Rosè Brut Nebbiolo d’Alba, Blanc de Blancs, Cuvage de Cuvage, Montecarlo Offshore. Basta leggere i nomi dei vini principali della Cuvage di Acqui Terme, ‘l’essenza del metodo classico, e la ricerca del sapiente equilibrio tra Cuvée e Perlate”, per capire che siamo di fronte ad un progetto imprenditoriale (e anche culturale, e di valorizzazione del territorio) ambizioso e raffinato.
“L’azienda – spiega Stefano Ricagno – nasce nel 2011, per iniziativa della mia famiglia, e in particolare di mio padre Paolo, in partnership con Alfeo Martini e Mondo del Vino, ossia uno dei grandi player dell’enologia italiana. Noi abbiamo messo a disposizione la nostra esperienza e ovviamente il legame indissolubile col territorio: Cuvage oggi può contare sulle uve selezione prodotte da 300 ettari a vigneto nell’Alto Monferrato e Alta Langa, e punta a ritagliarsi un ruolo da protagonista nel mondo delle ‘bollicine’: del resto siamo nella ‘culla’ dello spumante italiano, forti di una tradizione che è nostra intenzione proiettare nel futuro”.
Il 37enne Stefano Ricagno è stato ‘svezzato’ con il vino (“moscato e brachetto, se vogliamo essere più precisi”) anziché col latte, nel senso che la sua famiglia da sempre è impegnata in questo settore, e lui dopo gli studi in viticoltura a Torino e diverse altre esperienze si è ‘tuffato’ anima e corpo nel progetto Cuvage, tant’è che riuscire a intercettarlo, tra un convegno e una trasferta, è impresa tutt’altro che facile.
Ma quali sono le specificità di Cuvage? “L’obiettivo è un percorso che sia un mix di tradizione, qualità e innovazione, con forte attenzione al mondo dell’arte e a quello della solidarietà”. Un esempio?
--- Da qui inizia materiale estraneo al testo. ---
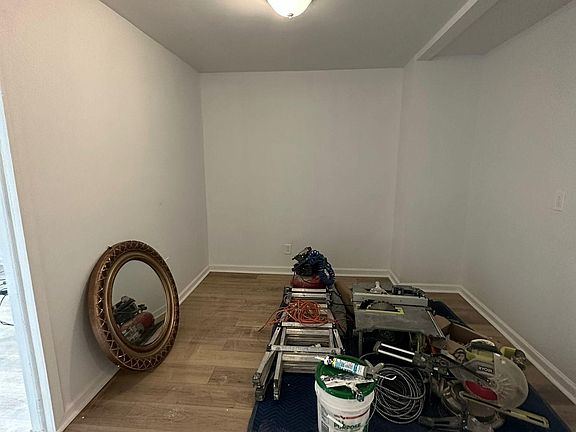 4th image of 1337 E 89th St #1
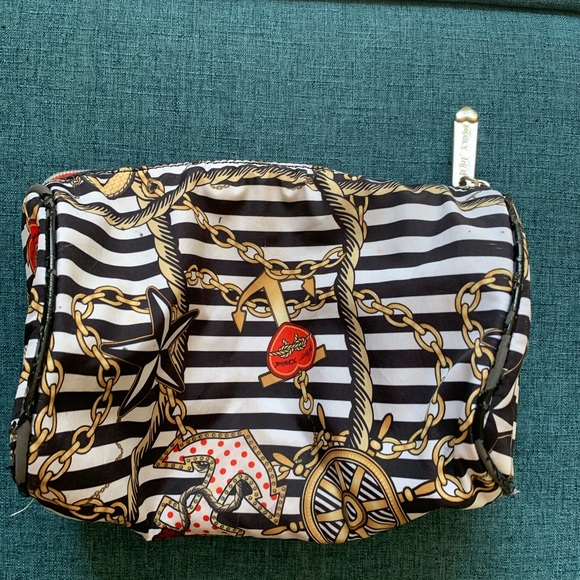 🌵Betsey Johnson Makeup Bag🌵 - Picture 2 of 5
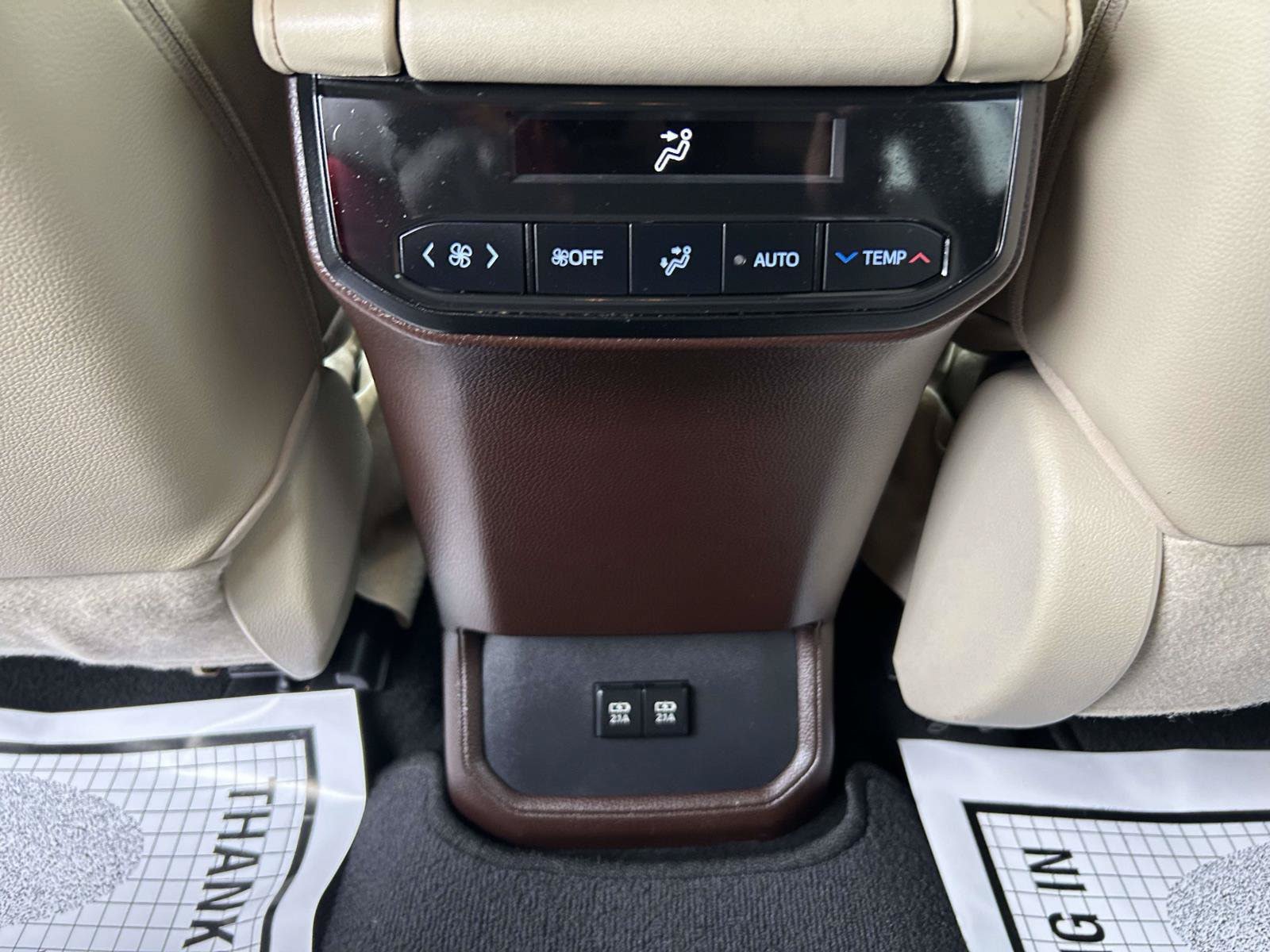 Used 2020 Toyota Highlander XLE FWD image 19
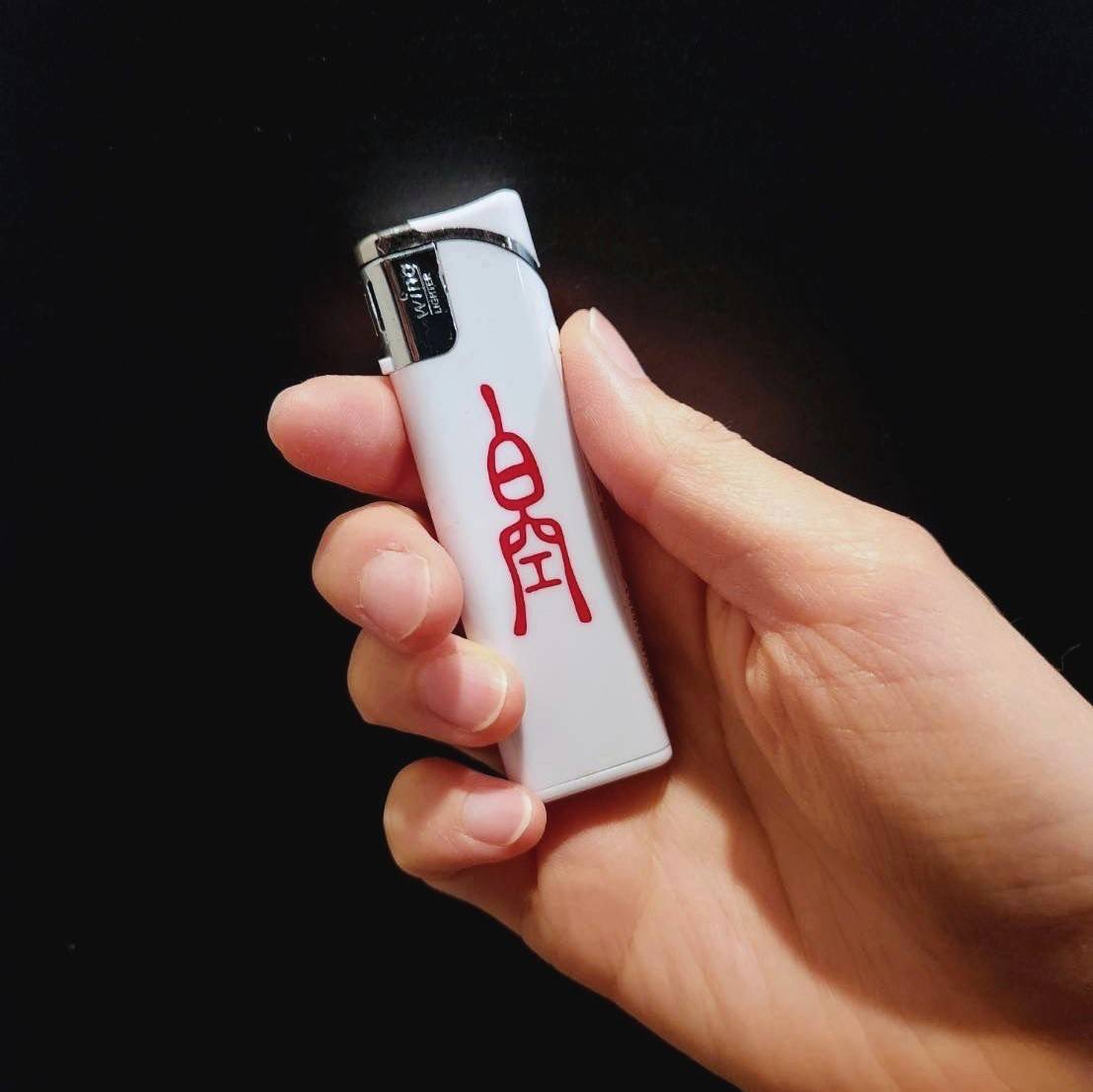 【NEW GOODS】

─────────────
     ▶バンドロゴライター◁
　　　　　各 ¥200
─────────────

新ロゴがプリントされたスライド式ライター。
ブラック×シルバー、ホワイト×レッドの2種展開です。

2/7(Sat)より、ライブ会場にて販売します。
ぜひお買い求めください！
L’iniziativa Cuvage des Artistes, con un’edizione limitata di sole 1.500 bottiglie impreziosite da etichette ‘d’arte’, che riproducono due fra le più importanti opere dell’artista catalano Sergi Barnils. E altre analoghe iniziative sono in cantiere per il 2017.
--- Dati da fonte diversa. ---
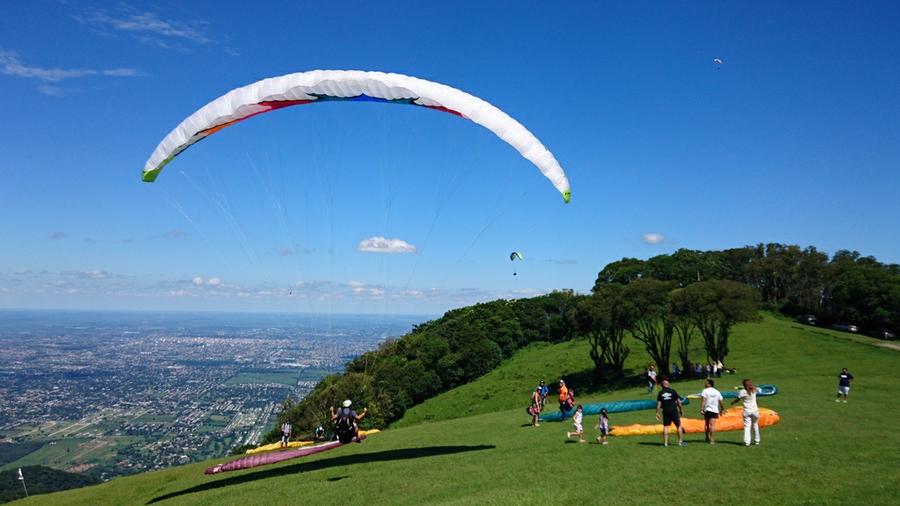 volar en parapente @volarentucuman.com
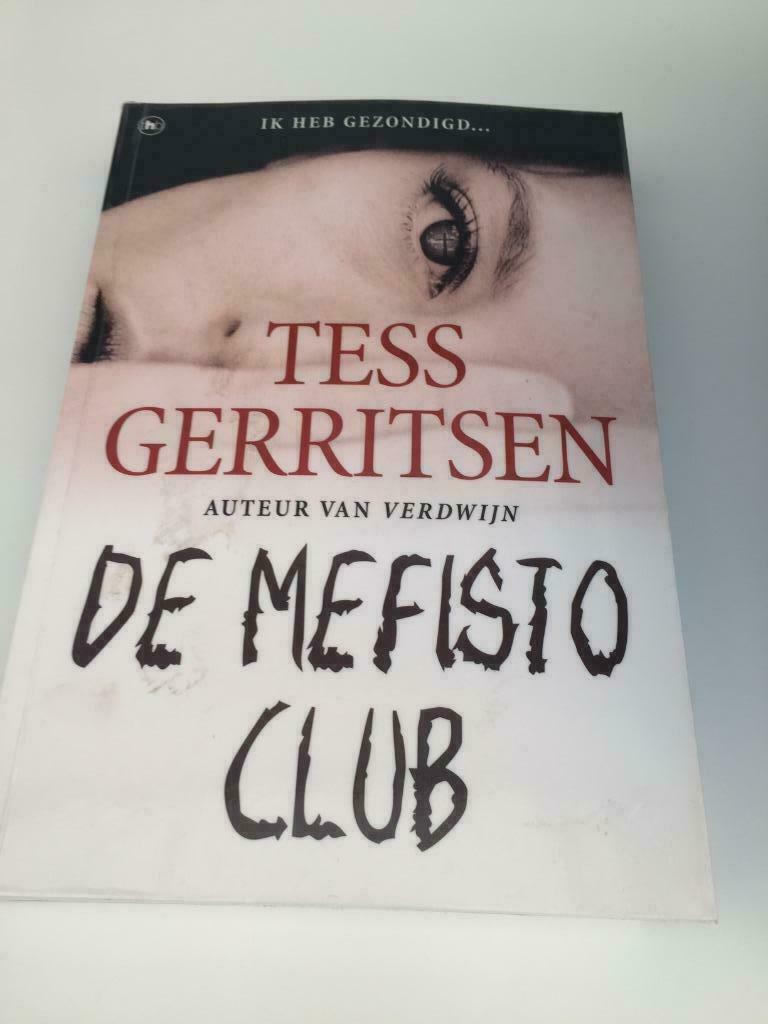 Boek / Tess Gerritsen - De Mefisto club, Ophalen of Verzenden, Gelezen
Ma la chiave di tutto il progetto, appunto, è la valorizzazione del territorio: “Siamo orgogliosi del nostro essere acquesi, e del fatto che già oggi Cuvage significa non solo vino di qualità, ma occupazione per venti persone del nostro distretto, con forte specializzazione, Più naturalmente tutto l’indotto. La vendemmia 2016 è stata di ottima qualità, coniugata ad una quantità di prodotto certamente interessante: bisogna smetterla, peraltro, di cadere nel vecchio equivoco, per cui la vendemmia deve essere scarsa perché il vino sia buono. Non è assolutamente vero”.
Quali sono i mercati privilegiati dai vini di Cuvage? “Direi che il nostro mercato è il mondo intero – sottolinea Stefano Ricagno -, grazie al fatto che il gruppo di cui facciamo parte ha una forte vocazione internazionale, e una rete commerciale che ci consente di portare le nostre bollicine in Russia come negli Stati Uniti, in Corea come sui diversi mercati emergenti. Il target è medio e medio alto, ovviamente con una diversificazione dell’offerta, che ci consente di essere venduti sia sugli scaffali della grande distribuzione, che in enoteche e negozi specializzati”.
Ma è vero che a casa nostra il mondo del vino fa ancora fatica a ‘fare squadra’, e che si preferisce andare ‘ognun per sè’, senza comprendere il valore aggiunto che un percorso collettivo genererebbe per ognuno, e anche per il territorio? “Le cose in questi anni stanno cambiando velocemente – afferma Ricagno –, e più che le occasione perse in passato a noi interessa valutare le opportunità che si possono cogliere da oggi in avanti. Con altri produttori di casa nostra, da Marenco Vini di Strevi a Pico Maccario di Mombaruzzo, i rapporti sono ottimi, e si fanno tutte le sinergie possibili: tutti sappiamo che l’acquese, con qualche apprezzabile eccezione, non è certo un distretto a vocazione fortemente industriale, ma deve invece valorizzare a fondo la filiera del vino, dell’enogastronomia, dell’accoglienza turistica. Se ognuno di noi riesce a passare davvero dalle parole ai fatti, i risultati non potranno che arrivare”.